## Exercise
From the data that follows, print exactly the lines starting at the one containing "Parts Diagram for" and ending at the one containing "Custom White Red"; include both of them and nothing more.

+-------+

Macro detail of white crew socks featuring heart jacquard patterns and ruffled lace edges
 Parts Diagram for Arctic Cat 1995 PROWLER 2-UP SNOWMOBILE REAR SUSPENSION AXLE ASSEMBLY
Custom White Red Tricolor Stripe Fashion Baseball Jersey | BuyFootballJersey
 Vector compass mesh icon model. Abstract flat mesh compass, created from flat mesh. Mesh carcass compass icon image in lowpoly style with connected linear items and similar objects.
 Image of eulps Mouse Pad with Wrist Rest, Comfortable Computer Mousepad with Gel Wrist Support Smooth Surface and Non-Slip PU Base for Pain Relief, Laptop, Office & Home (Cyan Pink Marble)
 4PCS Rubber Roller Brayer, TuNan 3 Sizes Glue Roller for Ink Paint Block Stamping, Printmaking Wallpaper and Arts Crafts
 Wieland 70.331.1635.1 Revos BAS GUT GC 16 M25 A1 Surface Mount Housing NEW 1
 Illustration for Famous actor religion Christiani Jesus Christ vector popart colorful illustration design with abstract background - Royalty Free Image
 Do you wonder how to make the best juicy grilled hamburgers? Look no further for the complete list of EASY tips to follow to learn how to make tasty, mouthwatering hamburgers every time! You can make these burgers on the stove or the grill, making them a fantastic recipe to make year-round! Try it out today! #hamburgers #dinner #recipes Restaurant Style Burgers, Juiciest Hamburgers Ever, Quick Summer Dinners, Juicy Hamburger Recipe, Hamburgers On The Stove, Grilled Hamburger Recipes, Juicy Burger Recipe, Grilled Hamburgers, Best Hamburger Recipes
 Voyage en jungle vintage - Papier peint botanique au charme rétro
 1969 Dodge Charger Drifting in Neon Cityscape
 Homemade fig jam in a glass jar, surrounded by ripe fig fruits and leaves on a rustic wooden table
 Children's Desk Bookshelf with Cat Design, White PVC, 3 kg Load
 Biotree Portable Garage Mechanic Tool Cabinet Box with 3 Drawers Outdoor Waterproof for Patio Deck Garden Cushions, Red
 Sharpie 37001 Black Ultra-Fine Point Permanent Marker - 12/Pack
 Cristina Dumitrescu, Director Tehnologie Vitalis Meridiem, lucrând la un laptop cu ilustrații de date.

+-------+

## Completed exercise
 Parts Diagram for Arctic Cat 1995 PROWLER 2-UP SNOWMOBILE REAR SUSPENSION AXLE ASSEMBLY
Custom White Red Tricolor Stripe Fashion Baseball Jersey | BuyFootballJersey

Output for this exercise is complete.